- 5
Ivan Konstantinovich Aivazovsky
Description
- Crimean Coast by Moonlight
signed in Cyrillic and dated 3 fevr 1853 l.r.
- oil on canvas
- 40 by 56cm, 15 3/4 by 22in.
Condition
"This lot is offered for sale subject to Sotheby's Conditions of Business, which are available on request and printed in Sotheby's sale catalogues. The independent reports contained in this document are provided for prospective bidders' information only and without warranty by Sotheby's or the Seller."
Catalogue Note
The distinctive seal discovered on the reverse of the canvas indicates that the painting was once was held by the Petrograd Workers' Commune charged with the protection and registration of works of art and antiquities, which was briefly the central ruling power in Petrograd until Lunacharsky took post as the Commissioner of Enlightenment in 1918. The same seal was found on another important work by Aivazovsky, The Battle of Bomarsund (1858), which bears similar numbering and inscriptions on the reverse.
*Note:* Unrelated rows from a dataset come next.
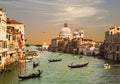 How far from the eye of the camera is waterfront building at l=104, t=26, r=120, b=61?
67.3m

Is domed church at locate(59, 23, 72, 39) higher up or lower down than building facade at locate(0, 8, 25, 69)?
higher up

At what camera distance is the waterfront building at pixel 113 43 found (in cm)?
6729

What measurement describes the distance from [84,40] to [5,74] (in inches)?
4076

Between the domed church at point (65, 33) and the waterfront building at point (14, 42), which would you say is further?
the domed church at point (65, 33)

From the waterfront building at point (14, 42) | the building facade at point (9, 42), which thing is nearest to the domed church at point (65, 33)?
the building facade at point (9, 42)

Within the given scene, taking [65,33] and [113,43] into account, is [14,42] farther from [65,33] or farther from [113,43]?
[65,33]

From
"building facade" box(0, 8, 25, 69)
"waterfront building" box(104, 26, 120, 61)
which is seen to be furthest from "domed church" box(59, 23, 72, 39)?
"building facade" box(0, 8, 25, 69)

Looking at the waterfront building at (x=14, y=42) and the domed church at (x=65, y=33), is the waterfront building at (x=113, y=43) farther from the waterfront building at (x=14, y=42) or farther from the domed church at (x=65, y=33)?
the domed church at (x=65, y=33)

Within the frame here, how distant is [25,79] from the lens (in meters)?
36.1

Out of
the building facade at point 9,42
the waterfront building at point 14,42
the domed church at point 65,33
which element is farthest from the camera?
the domed church at point 65,33

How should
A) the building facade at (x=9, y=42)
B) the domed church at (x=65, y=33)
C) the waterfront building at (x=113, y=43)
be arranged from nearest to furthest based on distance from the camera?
the building facade at (x=9, y=42) < the waterfront building at (x=113, y=43) < the domed church at (x=65, y=33)

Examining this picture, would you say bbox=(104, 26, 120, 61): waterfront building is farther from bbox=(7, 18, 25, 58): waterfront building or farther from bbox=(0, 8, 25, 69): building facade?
bbox=(7, 18, 25, 58): waterfront building

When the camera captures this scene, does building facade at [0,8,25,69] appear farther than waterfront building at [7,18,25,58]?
No

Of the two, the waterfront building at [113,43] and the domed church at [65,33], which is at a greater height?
the domed church at [65,33] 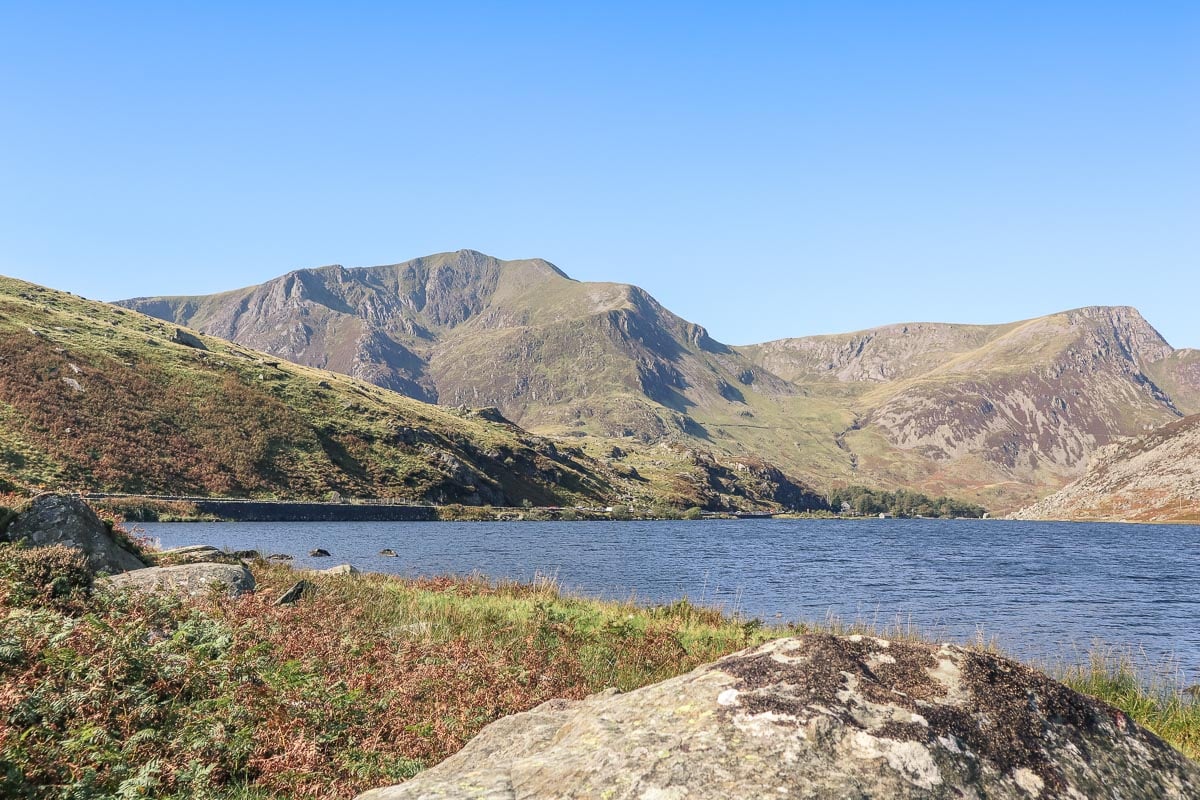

The 1850s was a strong decade for Aivazovsky, despite the Crimean war which broke out in the same year as the present work was painted. He was forced to leave his estate at Shah Mamai in September 1854 when the situation became unsafe, but in the present work he makes little reference to the conflict. The stillness and romance of the Black Sea at night, the warm shadows and disc-like moon in the present work is characteristic of the Crimean idyll that Aivazovsky famously constructed: cypresses, small windmills and rooftops receding towards a vanishing point to create a superb natural sense of distance.